Published on September 17th, 2011 | by Saurabh Pandey
ebay X.Commerce & If Indian eCommerce has Missed the Bus?
ebay is gradually but steadily& seriously working towards becoming the dominant ecommerce player if the world. After having been beaten by Taobao in China and observing the surge of Amazon as a cloud-marketplace, it’s not unnatural for ebay to initiate what it calls X.Commerce.
ebay realises that to win this battle, it has to play the end-to-end game; meaning ebay wants to control, payments, logistics & supply chain, multichannel customer experience & transaction,
enabling hosted shopfronts, and providing scale & targetd reach to SMBs, large enterprises or C2C merchants
I tried creating an infographic to show the ebay strategy based on my understanding and you can understand how the recent buy-outs by ebay are starting to make sense.
Let’s look at the buy outs first:
1. Where.com – Over 1.2 lac retailers onboard. Location based ad-network + local deals. (USD135M)
2. Milo.com-local ecommerce player (USD 75M)
3. Magento.com- Open sourced ecom platform-alongwith mcommerce and hosted shopfront options. Over 90,000 retailers onboard. (ebay bought 49% stake last year @ USD22.5M, the rest 51% was bought this year)
4. GSI- Complete logistics, order management and CRM platform. ((USD 1.96B)
5. PayPal: mobile and web payments (USD1.5B)
6. FigCard- Point of purchase payments (figures not available)
7. Red Laser- barcode reading app (bought in 2010)
At the centre of the ebay nervous system is the Open Sourced Web & Mobile Platform- Magento-this platform can enable anyone to start a shop, and enables customers to transact
from a web or mobile platform. This platform also enables developers to develop applications and solutions which can be bought by both buyers and sellers
On this platform ebay plugged in PayPal for payment integration, and GSI for logistics, supply chain, and customer care.
This kind of closes the loop for everyone.
The services range from free to a few thousand dollars a year for merchants.
But the story is not over yet, ebay understands the merit of local shopping, local search, and offline payments. If these could be
brought in the ebay ecosystem then ebay will indeed control the real end-to-end of shopping.
And that’s how Milo, Figo and Red Laser make sense.
Milo is a local ecommerce platform- that allows users to search and buy products within a specific geography. This will also be integrated with the Open Source Platform.

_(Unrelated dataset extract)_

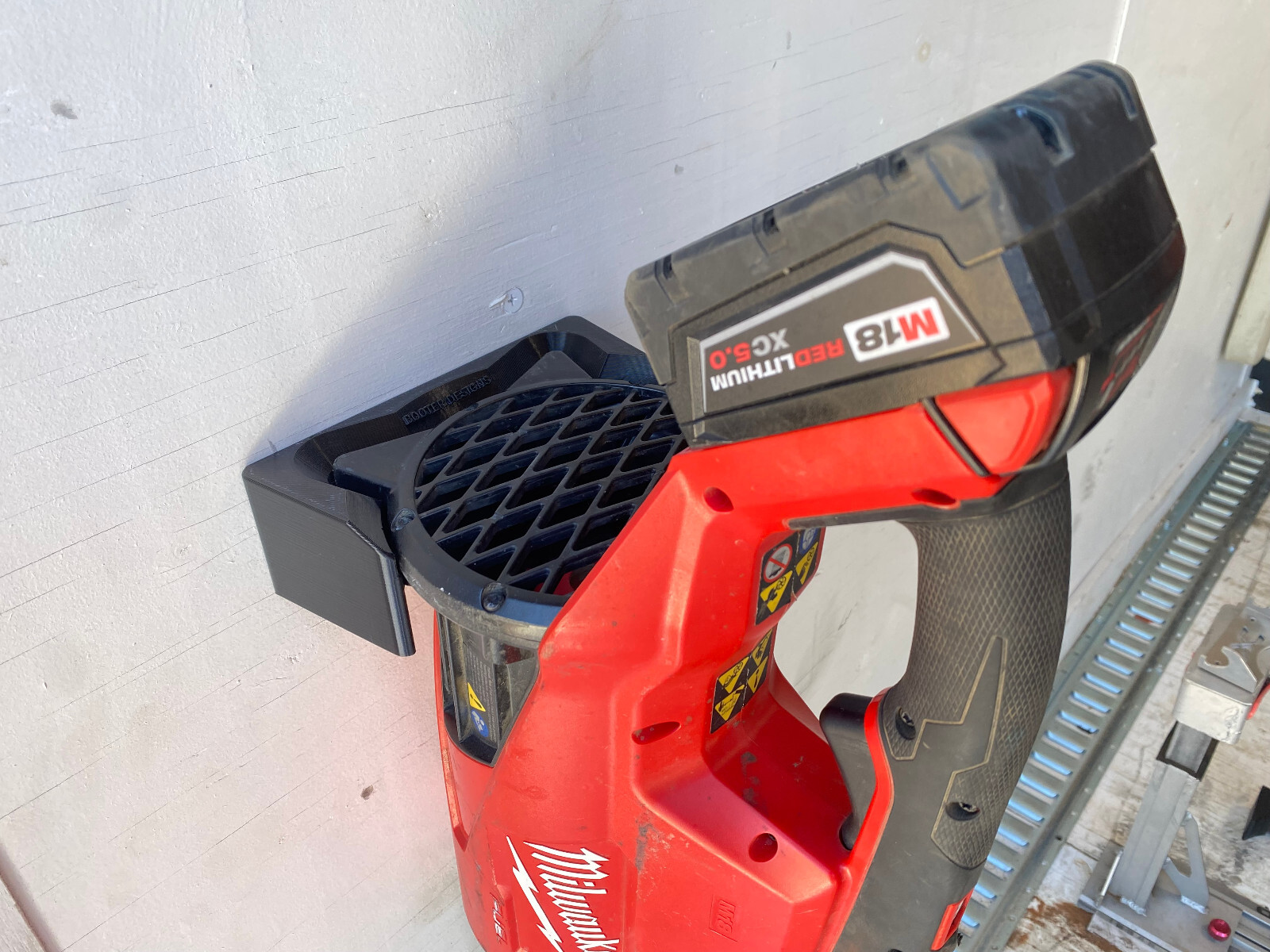 Wall Mount Holder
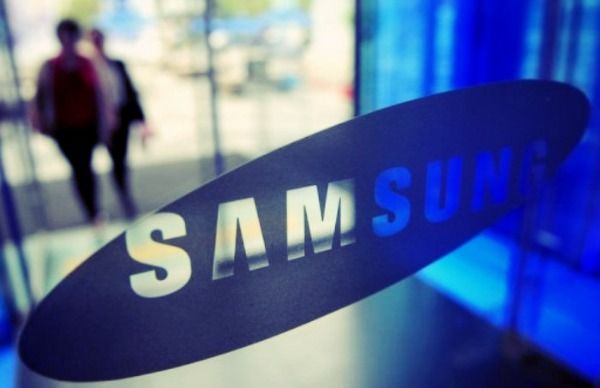 Logotipo de Samsung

Red Laser- allows users with smartphone to do comparison shopping offline, and then buy online near their location (courstey Milo), through barcode readers. (ebay had sold USD 600M of products through mobile phones in 2009, and tosay 10% of all ebay sales are on Mobile phones in UK)
‘Where’ allows users to search intersting deals locally, and also allows advertisers and merchants to target users by geography.
Figcard is another interesting acquisition, given that it enables offline transactions via mobile. Watch this very interesting video on how Fig Card works here:
An interesting read on Mobile Payments is also here
The question, after having read the above, is Are Indian eCommerce companies thinking on these lines yet? And more importantly- have Indian eCommerce players missed the bus already?